**Task to complete**
The records below must be reproduced in full and without error.

--- Records to use Enclosed Below ---

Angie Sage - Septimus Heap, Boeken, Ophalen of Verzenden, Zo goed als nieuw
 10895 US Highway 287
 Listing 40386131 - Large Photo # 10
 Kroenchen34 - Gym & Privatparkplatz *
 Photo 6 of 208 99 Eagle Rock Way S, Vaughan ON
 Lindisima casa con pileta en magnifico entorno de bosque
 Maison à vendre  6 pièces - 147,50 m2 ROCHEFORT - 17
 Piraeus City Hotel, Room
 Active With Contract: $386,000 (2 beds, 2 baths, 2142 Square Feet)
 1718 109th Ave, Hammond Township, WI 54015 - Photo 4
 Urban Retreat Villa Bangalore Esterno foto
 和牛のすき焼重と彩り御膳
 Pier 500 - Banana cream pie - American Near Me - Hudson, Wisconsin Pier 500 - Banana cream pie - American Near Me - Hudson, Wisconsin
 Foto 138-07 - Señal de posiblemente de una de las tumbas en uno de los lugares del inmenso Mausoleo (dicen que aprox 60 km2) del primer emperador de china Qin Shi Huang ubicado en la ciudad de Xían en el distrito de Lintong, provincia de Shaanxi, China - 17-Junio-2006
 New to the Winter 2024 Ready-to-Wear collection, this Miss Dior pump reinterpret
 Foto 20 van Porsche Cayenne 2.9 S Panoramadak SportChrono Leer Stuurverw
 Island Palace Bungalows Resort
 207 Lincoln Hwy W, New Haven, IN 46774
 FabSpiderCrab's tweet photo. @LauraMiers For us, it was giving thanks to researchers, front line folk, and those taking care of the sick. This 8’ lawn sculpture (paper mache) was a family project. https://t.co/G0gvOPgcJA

--- End of Enclosed Records to use ---

**Expected answer**
Angie Sage - Septimus Heap, Boeken, Ophalen of Verzenden, Zo goed als nieuw
 10895 US Highway 287
 Listing 40386131 - Large Photo # 10
 Kroenchen34 - Gym & Privatparkplatz *
 Photo 6 of 208 99 Eagle Rock Way S, Vaughan ON
 Lindisima casa con pileta en magnifico entorno de bosque
 Maison à vendre  6 pièces - 147,50 m2 ROCHEFORT - 17
 Piraeus City Hotel, Room
 Active With Contract: $386,000 (2 beds, 2 baths, 2142 Square Feet)
 1718 109th Ave, Hammond Township, WI 54015 - Photo 4
 Urban Retreat Villa Bangalore Esterno foto
 和牛のすき焼重と彩り御膳
 Pier 500 - Banana cream pie - American Near Me - Hudson, Wisconsin Pier 500 - Banana cream pie - American Near Me - Hudson, Wisconsin
 Foto 138-07 - Señal de posiblemente de una de las tumbas en uno de los lugares del inmenso Mausoleo (dicen que aprox 60 km2) del primer emperador de china Qin Shi Huang ubicado en la ciudad de Xían en el distrito de Lintong, provincia de Shaanxi, China - 17-Junio-2006
 New to the Winter 2024 Ready-to-Wear collection, this Miss Dior pump reinterpret
 Foto 20 van Porsche Cayenne 2.9 S Panoramadak SportChrono Leer Stuurverw
 Island Palace Bungalows Resort
 207 Lincoln Hwy W, New Haven, IN 46774
 FabSpiderCrab's tweet photo. @LauraMiers For us, it was giving thanks to researchers, front line folk, and those taking care of the sick. This 8’ lawn sculpture (paper mache) was a family project. https://t.co/G0gvOPgcJA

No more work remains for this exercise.